Wielkanoc

Niedziela Zmartwychwstania Pańskiego ♦WIELKANOC 2021♦

Po upływie szabatu kobiety poszły do grobu. Podobnie jak my, miały w oczach dramat cierpienia, nieoczekiwanej tragedii, która wydarzyła się nazbyt szybko. Widziały śmierć i miały śmierć w swoich sercach. Cierpieniu towarzyszył lęk: czy i je czeka taki sam koniec jak Mistrza? A ponadto obawy o przyszłość, wszystko trzeba odbudować. Zraniona pamięć, przytłumiona nadzieja. Dla nich, podobnie jak dla nas była to najciemniejsza godzina.

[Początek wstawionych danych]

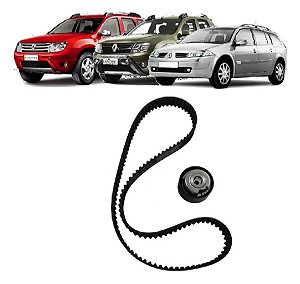 KIT ESTICADOR CORREIA DENTADA DUSTER 2.0 16V 12/16 FLUENCE 2.0 16V 13/16 LAGUNA 2.0 16V MEGANE 2.0 16V 03/11 SANDERO 2.0 16V 15/19 SCENIC 2.0 16V 01/11 01 02 03 04 05 06 07 08 09 10 11 12 13 14 15 16 17 18 19 7700114860 + CT1130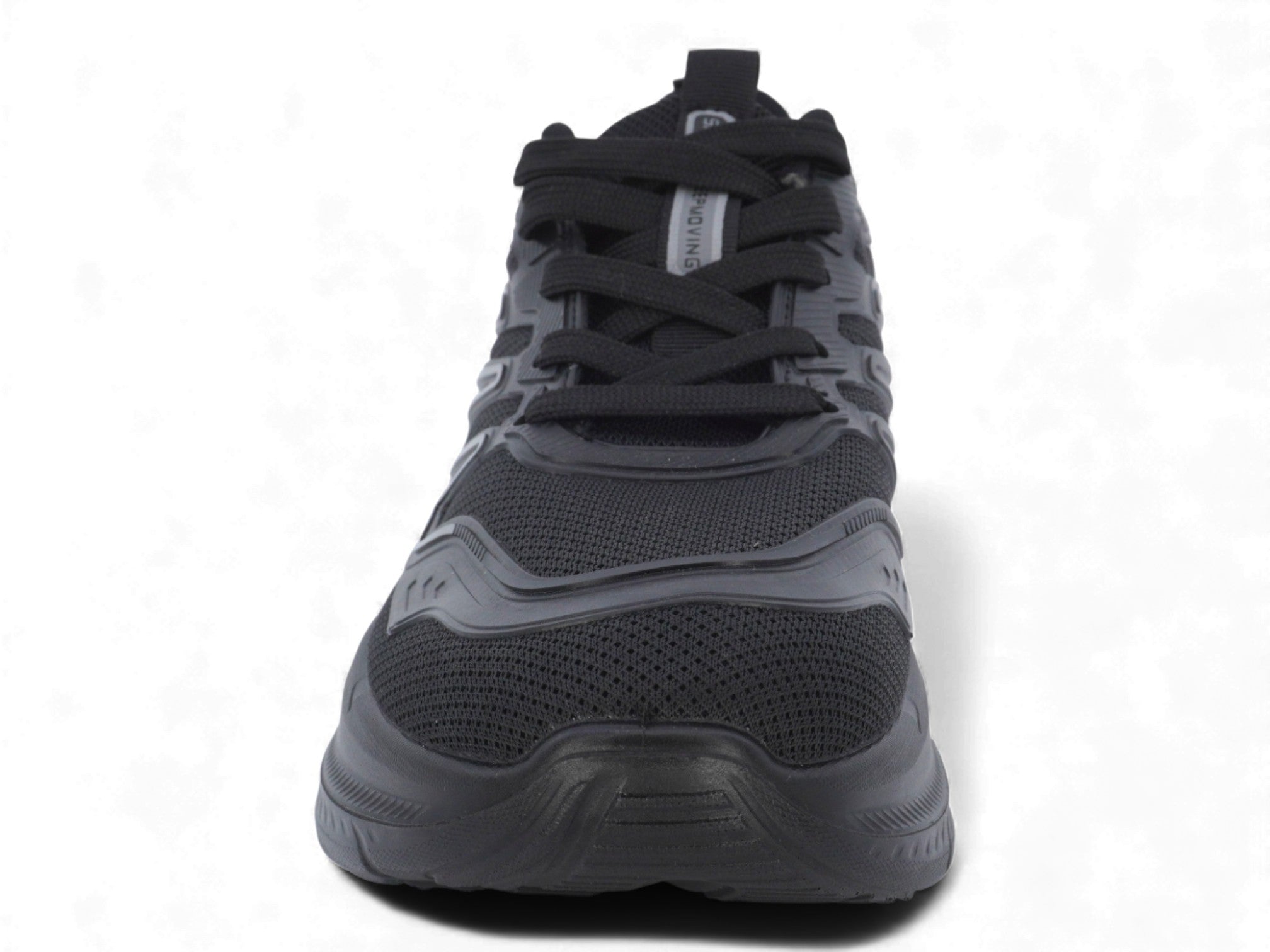Men's Triple Black Max Sole Sneaker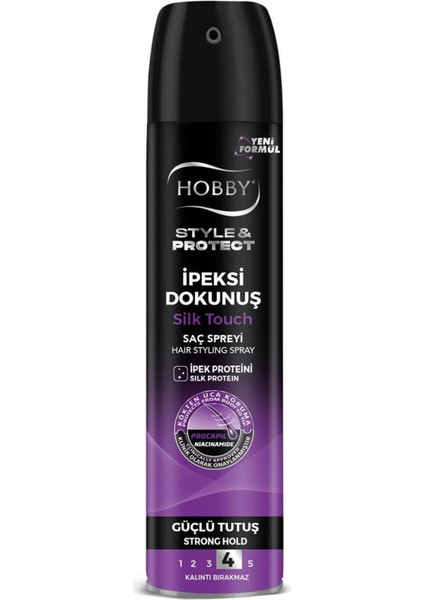 Saç Spreyi Ipeksi Dokunuş 250 ml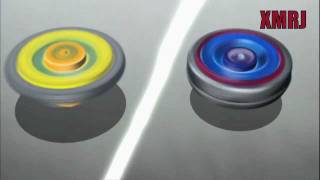 Beyblade AMV Flame Sagitario VS Big Bang Pegasus HD [upl. by Mcguire555]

Ale w tej sytuacji kobiety nie dają się obezwładnić. Nie poddają się mrocznym siłom narzekań i żalu, nie zamykają się w pesymizmie, nie uciekają od rzeczywistości. W szabat czynią coś prostego i niezwykłego: w swoich domach przygotowują wonności, by namaścić ciało Jezusa. Nie wyrzekają się miłości;
w mrokach swoich serc rozpalają miłosierdzie. Matka Boża w sobotę, w dniu, który będzie jej poświęcony, modli się i żywi nadzieję. Stając przed wyzwaniem cierpienia, pokłada ufność w Panu.

O świcie kobiety idą do grobu. Tam anioł mówi im: Wy się nie bójcie! Nie ma Go tu, bo zmartwychwstał. Stojąc przed grobem słyszą słowa życia.  A potem spotykają Jezusa, sprawcę nadziei, który potwierdza wieść i mówi: Nie bójcie się.  Jest to wieść dla nas dzisiaj. Są to słowa, które Bóg powtarza nam w nocy, której doświadczamy.

Dziś zdobywamy podstawowe prawo, które nie zostanie nam zabrane: prawo do nadziei. Jest to nadzieja nowa, żywa, pochodząca od Boga. Nie jest to zwykły optymizm, nie jest to poklepywanie po plecach ani też okolicznościowe dodanie otuchy. To dar z nieba, którego nie mogliśmy zapewnić sobie sami. Nadzieja Jezusa jest inna. Wnosi do naszych serc pewność, że Bóg potrafi wszystko obrócić ku dobru, bo nawet z grobu wydobywa życie.

I niech ta nadzieja towarzyszy wszystkim Parafianom i Gościom.